* **Instructions to follow**
Could you copy exactly the lines below from the one with "First Aid Bag" to the one with "Cotton Kalamkari Saree - Cream with Yellow", inclusive, leaving out any pictures?

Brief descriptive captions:

----------

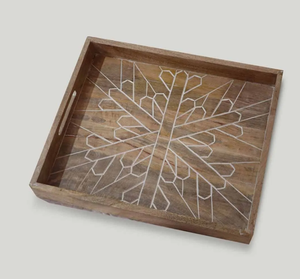 Plateau rectangulaire en bois rustique moderne fait à la main finition polie poignée robuste plateau de service enduit d'émail pour plante de salle à manger de cuisine - Product Image 3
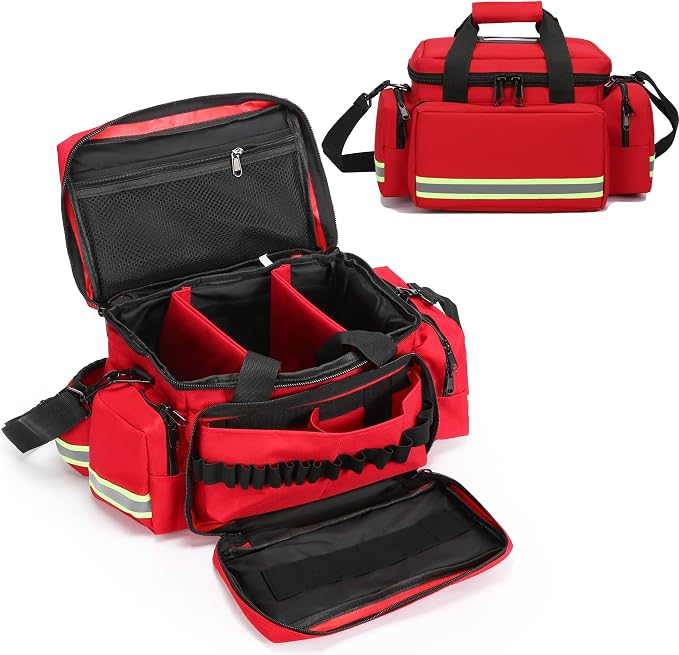 First Aid Bag Empty First Responder Bag,First Aid Kits Storage,Trauma Bag with Detachable Dividers, Medical Bag for Nurses,Ideal for EMT, EMS,Paramedics,Home Health Care(Bag Only)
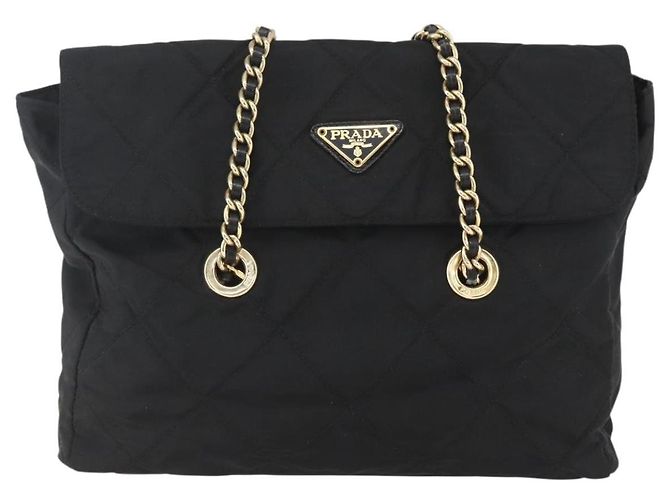 PRADA Borsa Tote Matelassé in Nylon Nera Oro Auth bs31575 Nero D'oro - vista 13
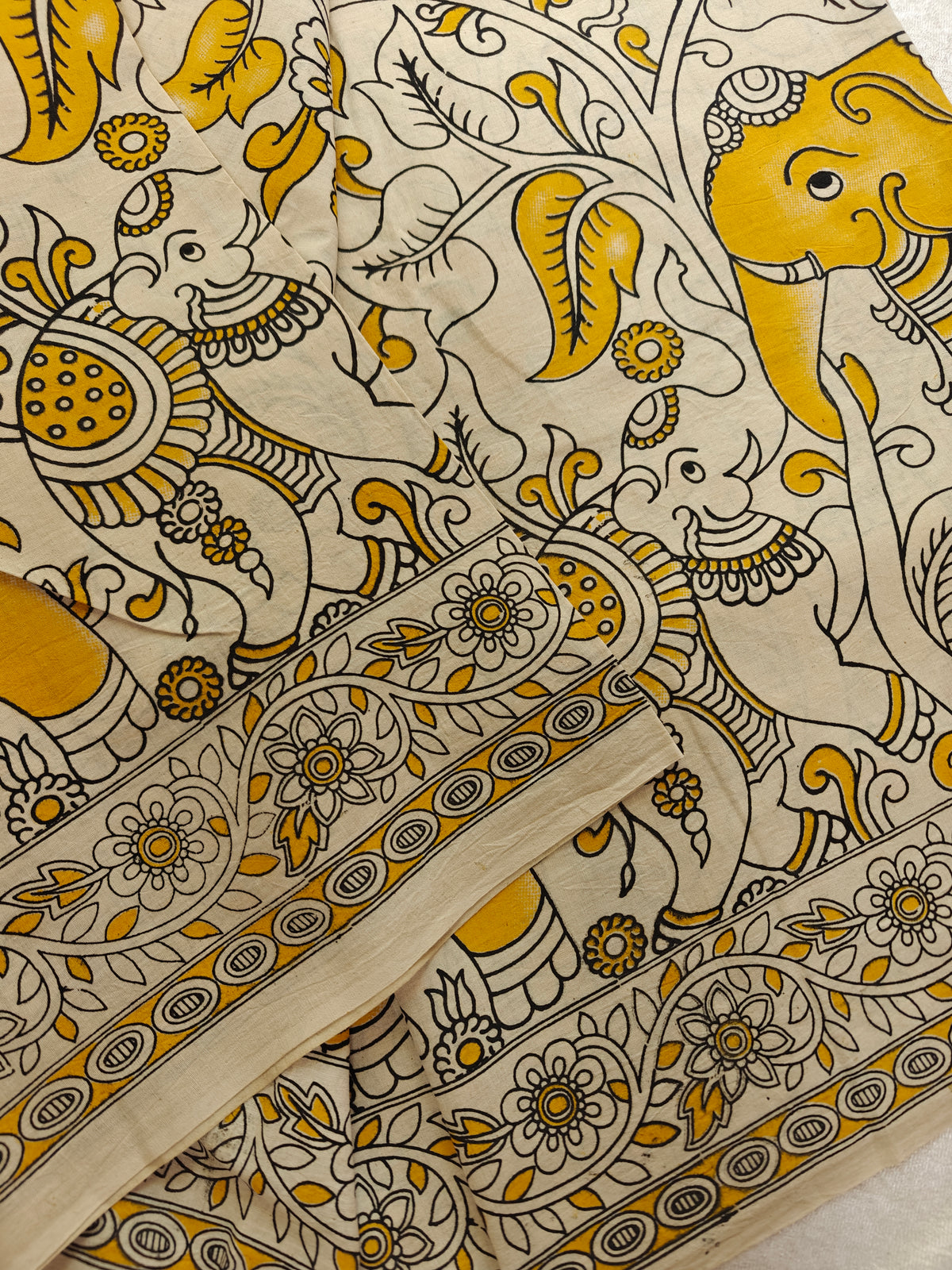 Cotton Kalamkari Saree - Cream with Yellow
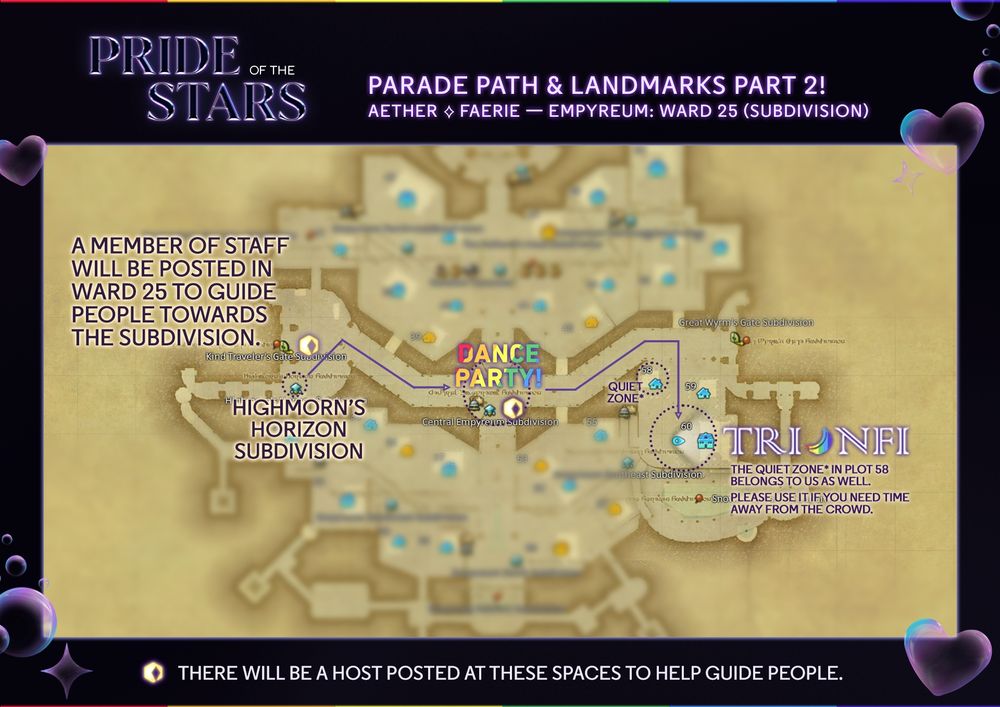A map of Empyreum marking the route of Trionfi's Pride Parade. 

A member of staff will be posted in ward 25 to guide people towards the subdivision, arriving at Highmorn's Horizon Subdivision. There, we will party in the middle of Empyreum and depart at 11:50PM EDT, heading towards the venue for the drag contest and performances for the evening.

Plot 58 is indicated as the Quiet Zone for this event. The Small, located next to Trionfi's Large at Plot 60, is circled next to the main venue.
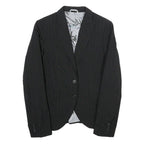 BENETTON Womens Black Pinstripe Blazer Jacket XS Polyester Blend Button Closure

----------

* **Output below**
 First Aid Bag Empty First Responder Bag,First Aid Kits Storage,Trauma Bag with Detachable Dividers, Medical Bag for Nurses,Ideal for EMT, EMS,Paramedics,Home Health Care(Bag Only)
 PRADA Borsa Tote Matelassé in Nylon Nera Oro Auth bs31575 Nero D'oro - vista 13
 Cotton Kalamkari Saree - Cream with Yellow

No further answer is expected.